If nothing else, it’s a matter of the greater need. You have someone who is willing to go through extensive therapy, medical intervention, expense, risking ridicule and losing a good chunk of friends and family. Logically, the level of need that a person must have to drive them to go through transition must be immense. The only sane response to that person is compassion. You don’t even need to understand it or feel comfortable with it (although a “good liberal” should at least try). If you think it’s sinful or icky or just confusing, suck it up. That’s nothing in comparison.

On a lighter note, remember when Ally McBeal was on and people thought that communal unisex restrooms were going to be commonplace any time now? I guess that didn’t happen.

Una, thank you very much for sharing what you did, and helping me understand some tiny part of what you’ve gone through, and better understand trans issues.

And, I’m glad you’ve found happiness with Fierra.

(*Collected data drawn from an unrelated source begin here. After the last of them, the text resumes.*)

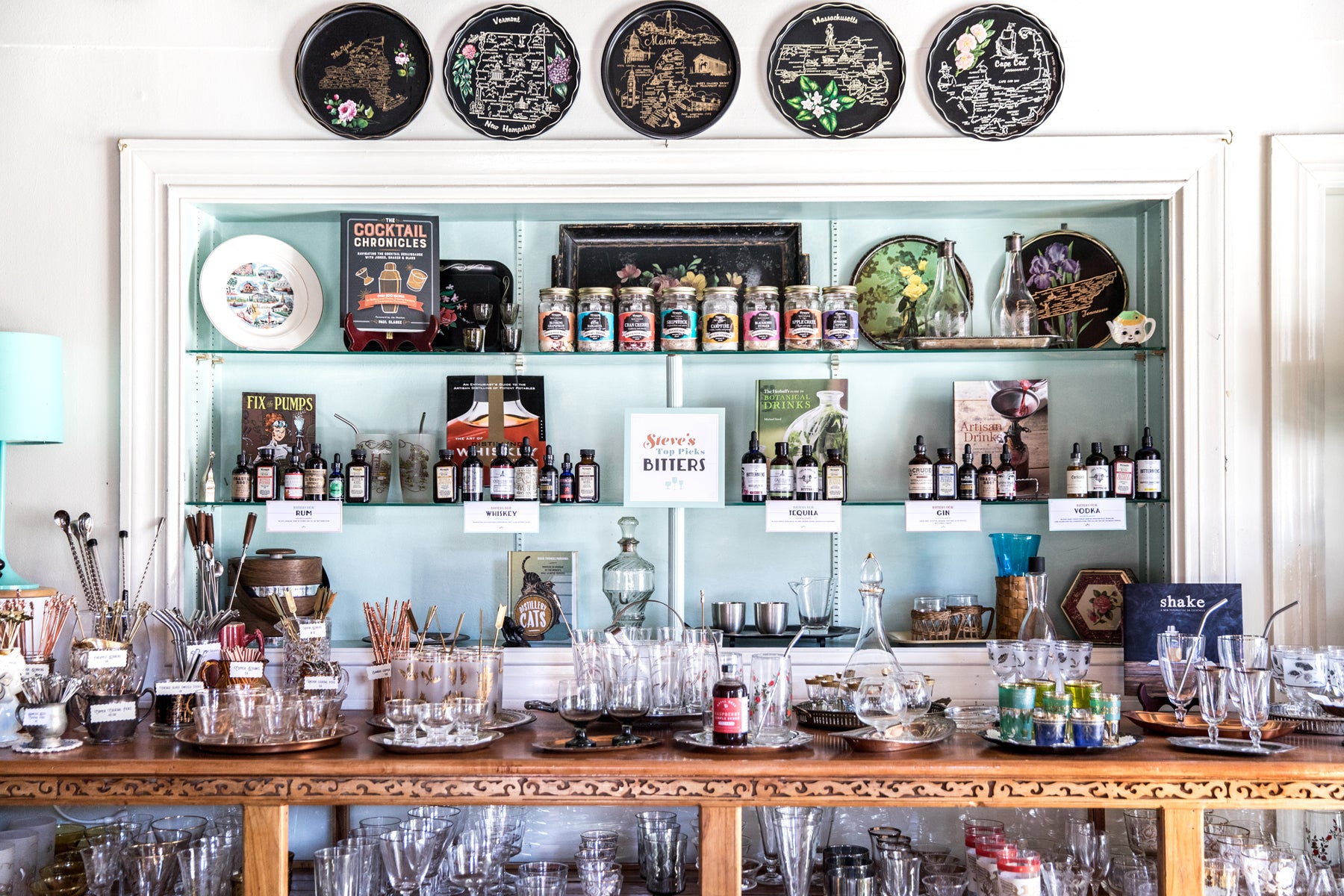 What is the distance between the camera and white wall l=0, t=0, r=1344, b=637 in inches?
110

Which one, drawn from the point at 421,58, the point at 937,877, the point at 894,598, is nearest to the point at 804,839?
the point at 937,877

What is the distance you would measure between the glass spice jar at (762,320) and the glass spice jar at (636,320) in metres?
0.26

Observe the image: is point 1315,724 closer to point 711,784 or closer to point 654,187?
point 711,784

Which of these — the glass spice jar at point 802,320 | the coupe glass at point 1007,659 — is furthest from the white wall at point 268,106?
the coupe glass at point 1007,659

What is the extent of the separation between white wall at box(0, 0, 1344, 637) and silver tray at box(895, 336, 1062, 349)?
0.49 m

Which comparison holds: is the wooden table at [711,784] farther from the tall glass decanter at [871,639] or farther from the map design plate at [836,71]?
the map design plate at [836,71]

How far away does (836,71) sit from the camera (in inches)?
111

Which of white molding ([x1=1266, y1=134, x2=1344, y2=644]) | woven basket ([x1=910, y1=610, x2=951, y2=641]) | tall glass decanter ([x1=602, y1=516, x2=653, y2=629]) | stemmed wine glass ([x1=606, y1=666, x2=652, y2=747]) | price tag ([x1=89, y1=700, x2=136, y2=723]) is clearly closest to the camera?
price tag ([x1=89, y1=700, x2=136, y2=723])

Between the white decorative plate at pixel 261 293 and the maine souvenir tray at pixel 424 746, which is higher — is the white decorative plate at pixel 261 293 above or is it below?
above

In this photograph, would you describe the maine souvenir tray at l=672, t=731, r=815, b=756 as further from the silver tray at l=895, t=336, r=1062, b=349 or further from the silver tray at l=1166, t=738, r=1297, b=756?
the silver tray at l=895, t=336, r=1062, b=349

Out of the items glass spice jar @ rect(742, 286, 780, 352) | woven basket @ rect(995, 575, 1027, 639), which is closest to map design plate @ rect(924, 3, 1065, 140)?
glass spice jar @ rect(742, 286, 780, 352)

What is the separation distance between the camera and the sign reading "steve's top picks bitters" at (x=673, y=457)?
9.52 feet

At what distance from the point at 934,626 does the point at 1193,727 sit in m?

As an official member of the SDMB Offenderati, I should have been informed the moment a trans thread was started.

Re Questions

The primary issue is that trans people are human beings. This may seem basic and like it doesn’t need saying. Sadly, many people treat the transcommunity as it and other.

Re Legal Issues

Last time I checked, surgery changed your legal gender in some states and not in others. When and if you could marry changed state to state.

Jtgain

The consensus amongst us Liberals is that JayJay’s right to be gay trumps somebody else’s right to be anti-gay. I can’t see why this principle shouldn’t apply to trans people.

Seems like a pretty non-abstract issue to me. An employee wants to go to work dressed in the manner they feel matches their gender. An employer doesn’t want to allow this.

I’m confused. Are you changing your position here? Because this contradicts what you’ve said.

If a business owner fires an employee for wearing something the business owner doesn’t like, then the business owner is forcing his views on the employee. So if you think people shouldn’t be allowed to force their views on others then the business owner shouldn’t be allowed to fire his employees over their attire. The employees are free to wear what they want to wear, the owner is free to wear what he wants to wear, and nobody can tell anyone else what they can wear.

I think you are giving conservatives/bigots/religious right too much credit here. Any shred of compassion they claim to feel for others evaporates the moment they attach any scent of sex to an issue, and make no mistake: they are fixated on sex. They may be kind and charitable when it comes to birth defects, cancer, or depression, but matters of gender or orientation inspire the dirtiest, most base thoughts and the result is everything that is the opposite of compassion and empathy.

Healthy, well-adjusted folks don’t give any thought to who is in the adjoining stall nor speculate that their neighbor is doing anything other than going to the bathroom. The fact that this is the sticking point when it comes to trans issues is embarrassing and petty.

Heck, I’ve worked jobs where I traded others for a spot behind a bush and a Big Gulp cup (if you’re on the crew installing the toilets the toilets don’t exist until you’re done, right?) Somehow, we all managed to take a piss without assaulting or embarrassing each other.

Mind you, I’m cautious in any public toilet just because there is a non-zero percentage of bad people out there, but honestly, too many people are just irrational about these things.